Because of my many years as hospice social worker and chaplain, I have frequently viewed this story of Benedict and Scholastica through the lens of “nearing death awareness” as described by hospice nurses Maggie Callahan and Patricia Kelley in their classic book, Final Gifts: Understanding the Special Awareness, Needs and Communications of the Dying.
Callahan and Kelley describe “nearing death awareness” as a deeply felt intuition in the dying that death is approaching. They note that terminally ill patients are highly reflective in their final weeks and days, focusing their energy on questions of meaning and completing unfinished business.
The hospice nurses affirm that “nearing death awareness” is very common to the dying, universal in scope, and can be seen in various ways. Some people will talk of preparing for a journey. Some will start seeing people who have already died. Some will perceive a dimension outside of ordinary time and space. Others can sense the day and time of death.
Did Scholastica pray with such intensity because she knew her death was near? Did God respond so compassionately to the purity of her heart that a thunderstorm was generated to keep Benedict close?
In my hospice work I’ve learned that the dying know they are dying and it is best to lovingly respect their wishes as best we can. Many years ago, as a newly professed Sister in my twenties and long before I became a hospice worker, I visited our aged Sister Helen Hoch at the local Catholic hospital. Sister had been my fifth grade teacher and I had a great affection for her. I stopped to visit her while I was on my way to a Liturgy Committee meeting not far from the hospital. My intention was to have a short visit with Sister Helen, pray with her, and arrive for the meeting on time. I was watching the clock.

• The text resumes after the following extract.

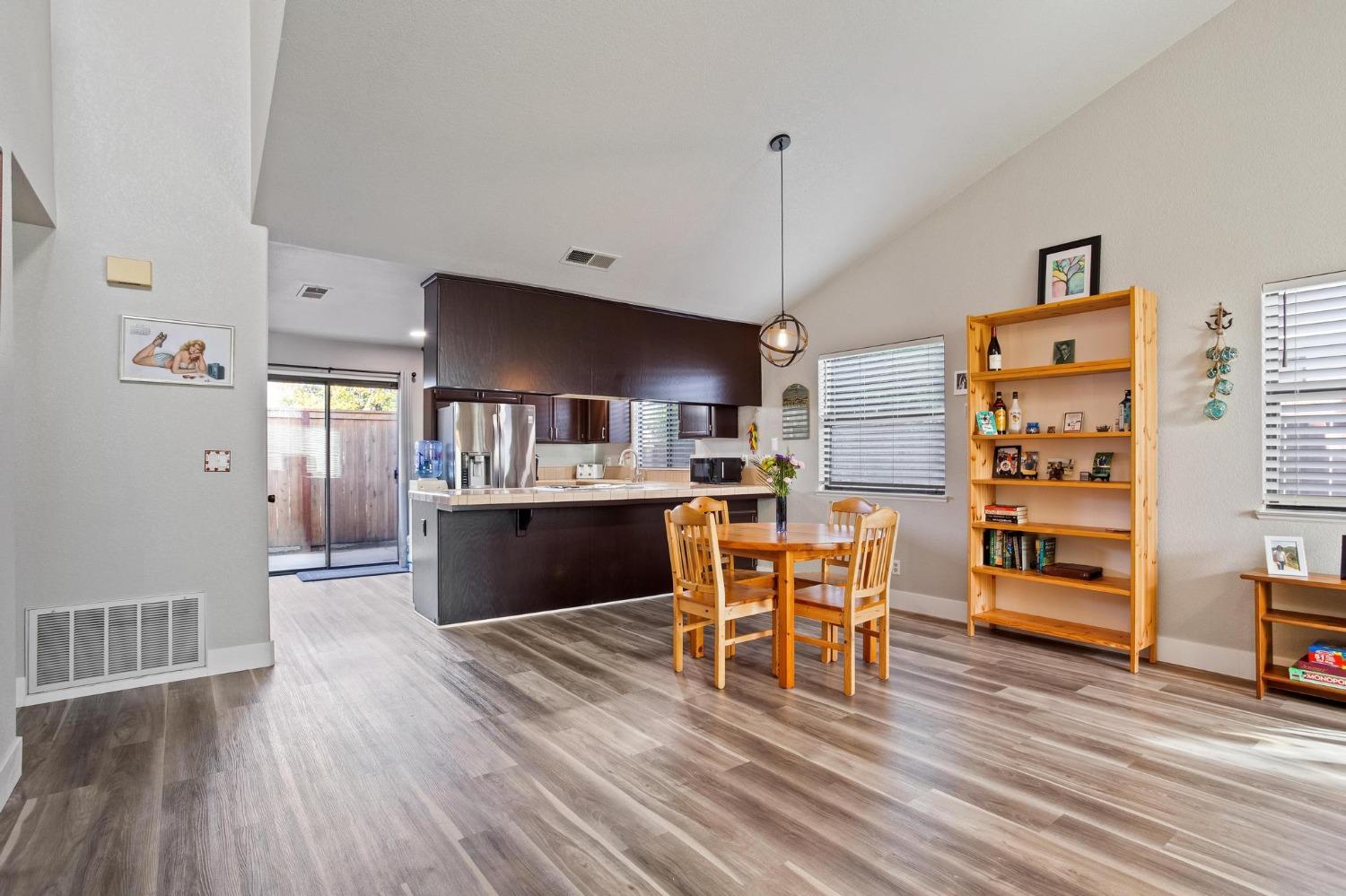 815 Grandview Circle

I was unaware before I visited that Sister Helen was dying, although the physical signs were present when I entered the room. She did not seem to be in great pain, but I noted her breathing was extremely labored. She was happy to see me and almost immediately told me she wanted to dictate the words of a prayer. As her former student, I dutifully began to write down her words, as she painstakingly formed them between breaths. She was asking Jesus, Mary, and Joseph, her patron St. Helen, and all the saints to be with her. She asked that Jesus be with her to guide her, defend her, and strengthen her. All the while, she was filled with deep peace and almost a radiant light. She wanted this prayer to be her final gift to me. Now almost 50 years later I still have the book where I scribbled down her words on the back page.

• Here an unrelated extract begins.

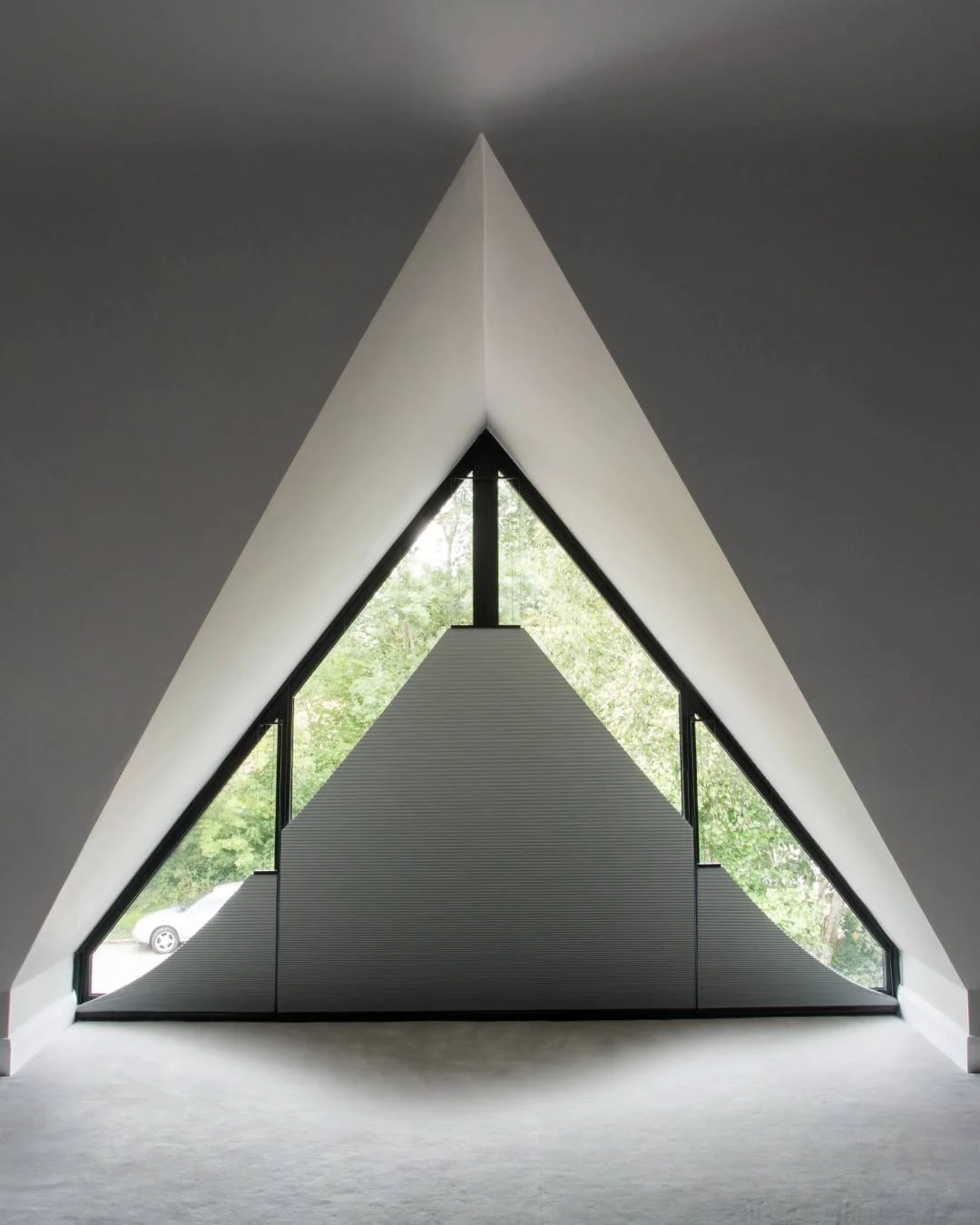 Not all windows are standard... so neither are our solutions.

Triangular, arched, circular or sloping - we specialise in blinds for complex architectural glazing.

If it's an unusual shape, we've got a solution for it 👌🏼

Plus, we offer 𝟮𝟬% 𝗼𝗳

When I was about to leave, Sister Helen asked me if I could stay longer. Since I was not in touch with her terminal status, I gently explained I had a meeting to attend. Much to my sadness and regret, I learned shortly that Sister Helen had died soon after I left. Whenever I reflect back on that last encounter with my beloved teacher, I wish a thunderstorm would have come out of nowhere and prevented me from leaving. It was a lesson I carried with me for many years later into my hospice work.

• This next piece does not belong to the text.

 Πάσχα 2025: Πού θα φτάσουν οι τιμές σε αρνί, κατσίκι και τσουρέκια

St. Gregory concludes the story of Saints Benedict and Scholastica by explaining that the miracle of Scholastica came about because her prayer was fueled by love, quoting St. John, “God is love.” Perhaps St. Gregory is teaching us that it is communion of hearts, not following rules or getting it right, which delights God and bears eternal significance. It is attention to loving people in the present moment that opens the channels of grace. We can only pray that we, like Benedict and Scholastica, be given the grace to have a sacred last goodbye with those we love.